Although the Patient-Oriented Eczema Measure (POEM) and the Patient-Oriented Scoring Atopic Dermatitis Index (PO-SCORAD) were consensus recommended in clinical practice to measure symptoms of atopic dermatitis, investigators believe a need exists for instruments to measure eczema control and itch intensity. They sought to recommend instruments to measure itch intensity and eczema control in clinical practice in patients with atopic dermatitis.
They conducted a systematic review of a consensus process held during the HOME VIII virtual online meeting October 6 to 9, 2020. Instrument selection for clinical practice was optimized by highlighting feasibility aspects. If fewer than 30% of voters disagreed, instrument consensus was reached.
Recommended instruments to measure eczema control were the RECAP and ADCT (5% and 10% of voters disagreed, respectively) from 7 identified instruments that were considered. They found the Patient Global Assessment, Impact of Chronic Skin Disease on Daily Life, Atopic Eczema Score of Emotional Consequences, Patient Benefit Index, and Atopic Dermatitis Score 7 may all have potential but required additional validation studies.
Among the 6 identified itch-intensity instruments considered, 3 from the PROMIS itch questionnaire found consensus recommendation: peak 24-hour NRS-itch, 1-week average NRS-itch, and 1-week peak NRS-itch instruments (17%, 22%, and 27% voters disagreed, respectively). Investigators observed among the other instruments considered, 24-hour average itch intensity did not have potential and additional validation studies were not necessary.

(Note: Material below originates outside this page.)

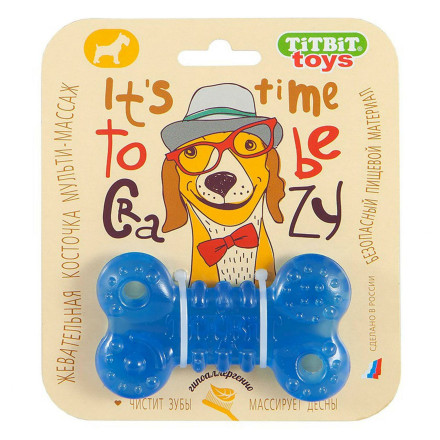 TiTBiT игрушка-лакомство для собак жевательная косточка 10 см (голубой)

Review limitations include the that majority of meeting attendants were from Europe and North America therefore limiting generalizability, and newer instruments were not available at the meeting.
Investigators concluded their process “resulted in evidence-informed recommendations that reflect consensus among a group of patients, clinicians, methodologists, and industry representatives with an interest in AE for measuring 2 key domains for patients with AE in clinical practice: measuring eczema control using the RECAP and the ADCT; and measuring itch intensity using the 24-hour peak NRS, the PROMIS 1-week peak, and the PROMIS 1-week average NRS.”
Researchers anticipate use of these instruments to supplement, not replace, the medical encounter. They added, “The instrument a clinician chooses, and how to use it, depends on the domain and the objectives of the measurement, which can vary from patient baseline assessments and monitoring to quality improvement and real-world evidence generation.”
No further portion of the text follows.